Die Bernerin ist mit ihrem Schicksal nicht alleine. Das Bundesamt für Statistik zählt Hausfrauen zu den «Nichterwerbspersonen» und wirft sie damit in einen Topf mit Rentnern und Studenten. Recherchen des Enthüllers zeigen, dass Hausfrauen je nach Kanton unterschiedlich verdienen. Die Löhne schwanken von monatlich 300 (Thurgau) bis 2’800 Franken (Zürich Goldküste). Eines haben jedoch alle Hausfrauen gemeinsam: Keine von ihnen kommt auch nur annähernd an den geforderten Mindestlohn von 4'000 Franken. «Dass unsere Arbeit weniger geschätzt wird als die einer Migrolino-Angestellten, ist schon schmerzhaft», kommentiert Sabrina S. die Recherchen des Enthüllers. «Ich gebe täglich mein Bestes, sowohl am Herd als auch am Staubsaugerrohr. Und was erhalte ich als Dank dafür? Morgens einen Kuss auf die Backe und zum Geburtstag eine Antifaltencreme vom Discounter.»
Samuel Scheidecker kennt die Nöte Schweizer Hausfrauen. Der ehemalige Immobilienmanager kämpft als Vorsitzender vom «Bund Schweizer Hausfrauen» seit Jahren für den Mindestlohn.
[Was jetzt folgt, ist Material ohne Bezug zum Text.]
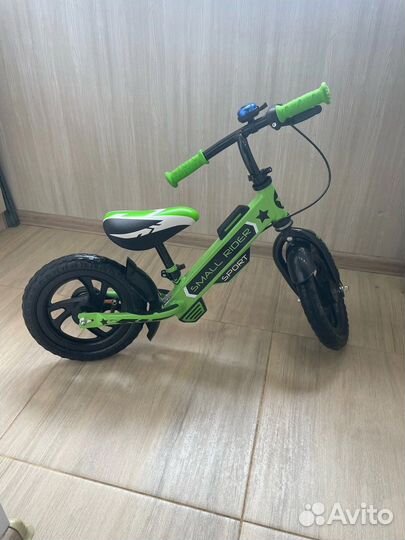 Беговел Small Rider Roadster Sport Eva зеленый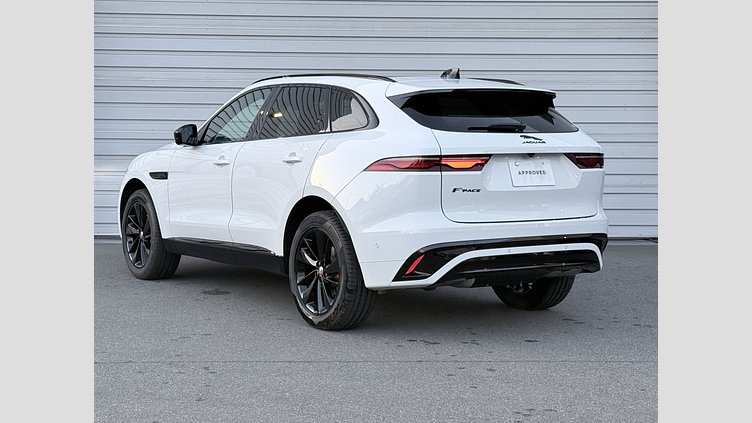 2022 認定中古車 Jaguar F-Pace フジホワイト P250 AWD（オートマチック） R-DYNAMIC BLACK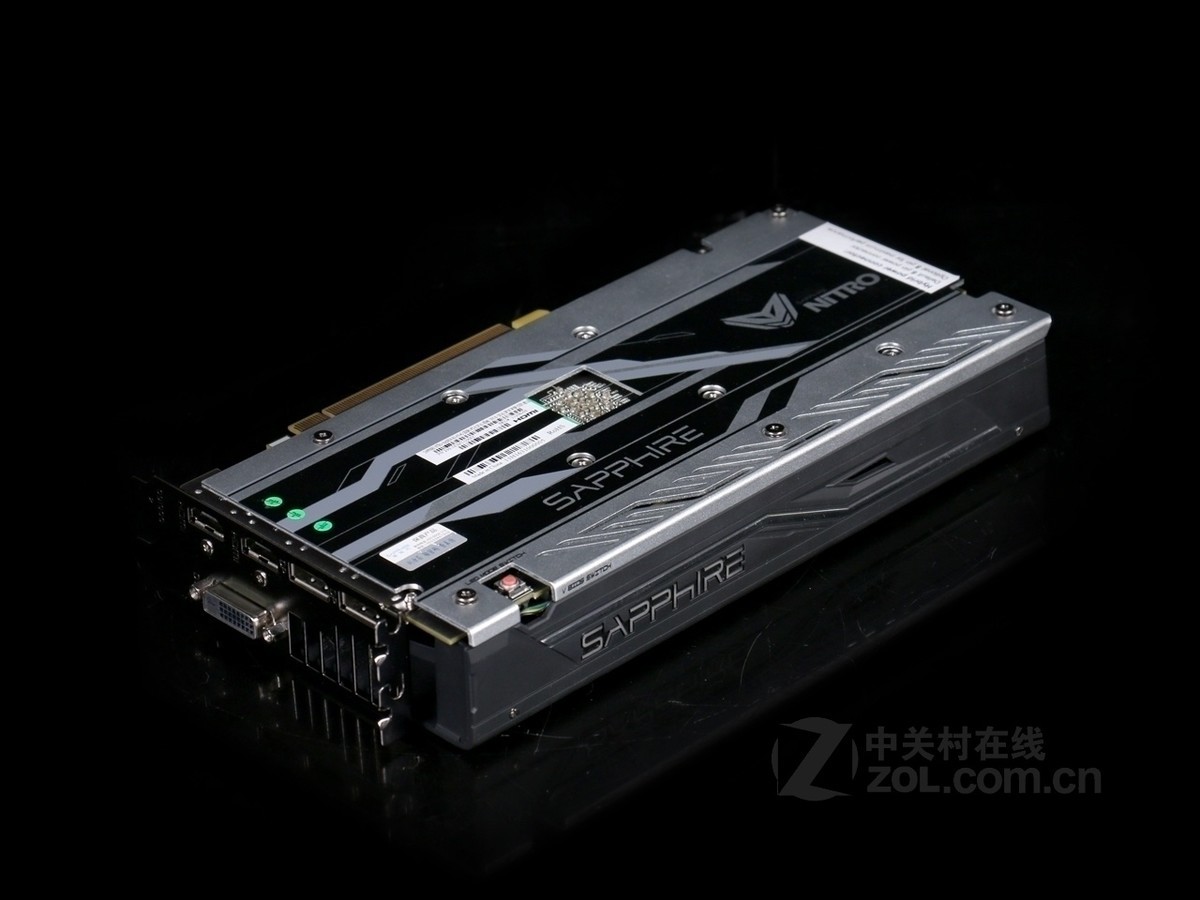 【高清图】 蓝宝石(sapphire)rx 470 4g d5 超白金 oc效果图 图130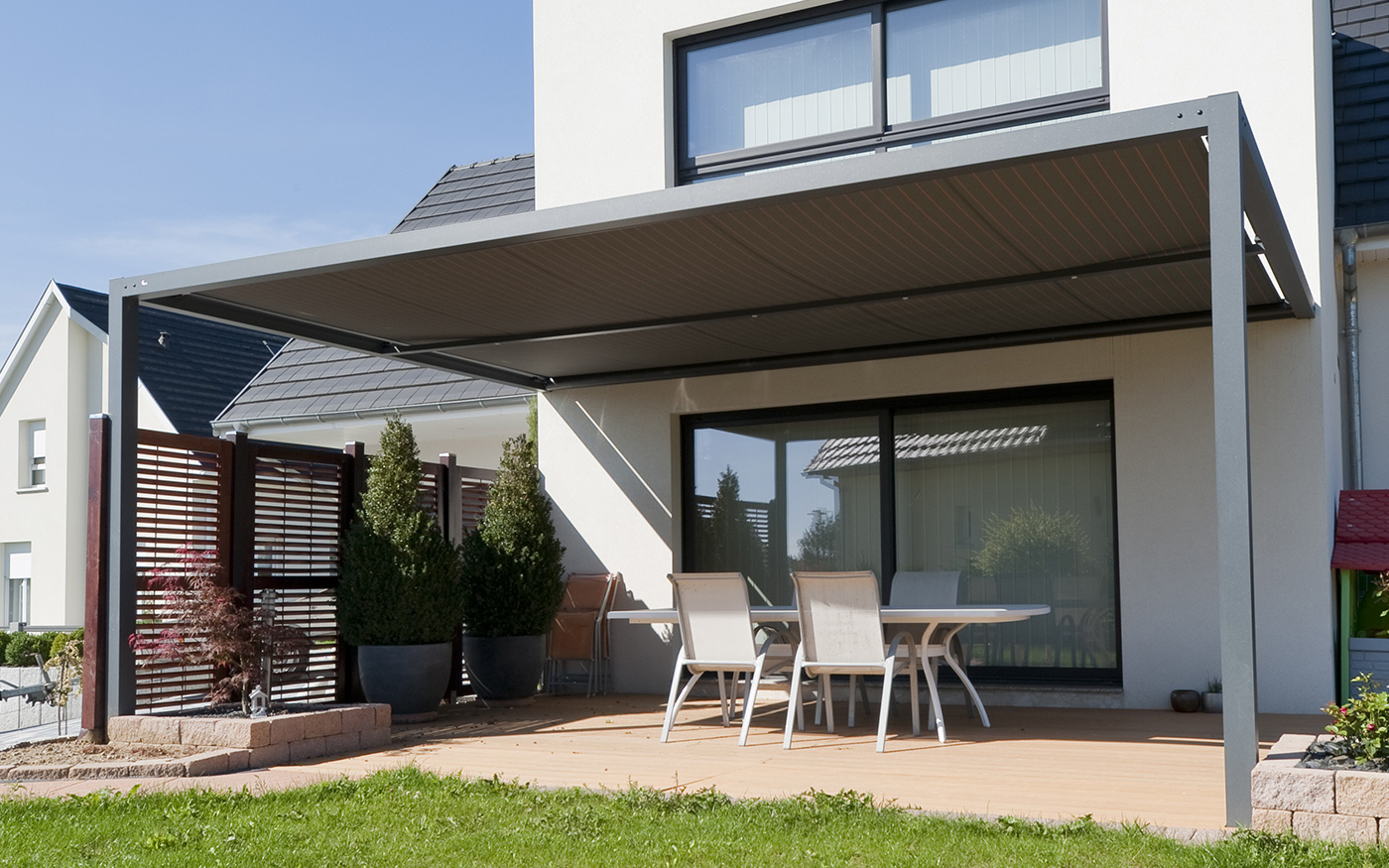 Pergola à Neugartheim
Bisher ohne Erfolg. «Die meisten Hausfrauen, oder wie wir hier sagen, ‹Familienmanagerinnen›, werden nach dem Franchise-System betrieben. Jeder Geschäftsführer, also Mann, legt da den Mindestlohn selber fest. Wir können nur Empfehlungen abgeben», sagt der 48-Jährige. Er berät tagtäglich verzweifelte Frauen, denen das Geld hinten und vorne nicht reicht. «Ist die Ehe sowie die Position als Familienmanagerin noch relativ frisch, kann die Frau mit einem Sexentzug eine Lohnerhöhung durchsetzen. Kritisch wird es ab zwei bis drei Ehejahren oder 17 Kilo Gewichtszunahme während der Schwangerschaft, da helfen solche Massnahmen nicht mehr.»
Sabrina S. pfeift auf die Empfehlungen des Hausfrauenverbandes. Sie hat sämtliche Tricks versucht, um an mehr Lohn zu gelangen. Im ersten Ehejahr sei als Bonus noch eine elektronische Saftpresse rausgesprungen, mittlerweile zeige sich ihr Mann bei Lohnverhandlungen nicht mehr kooperativ. «Den im Vertrag festgehaltenen 13. Monatslohn habe ich nie erhalten. Mein Mann Erich meint, die beiden Kinder sollten Bonus genug sein. Ausserdem komme mein Job mit Freiheiten. Er könne sich während der Arbeit nicht einfach rasch mit einer Freundin zum Kaffee treffen, sondern müsse sich irgendeinen hirnrissigen Grund aus den Fingern saugen, um seine Sekretärin an die Kaffeemaschine zu locken.» Ein Ehepartnerwechsel kommt für Sabrina S. momentan nicht in Frage. «Zwar habe ich ein Auge auf den Besitzer der Buchhandlung geworfen, aber dem seine Frau legt beim Einkauf nur M-Budget-Produkte aufs Band, da scheint die Bezahlung also auch ziemlich mies zu sein.»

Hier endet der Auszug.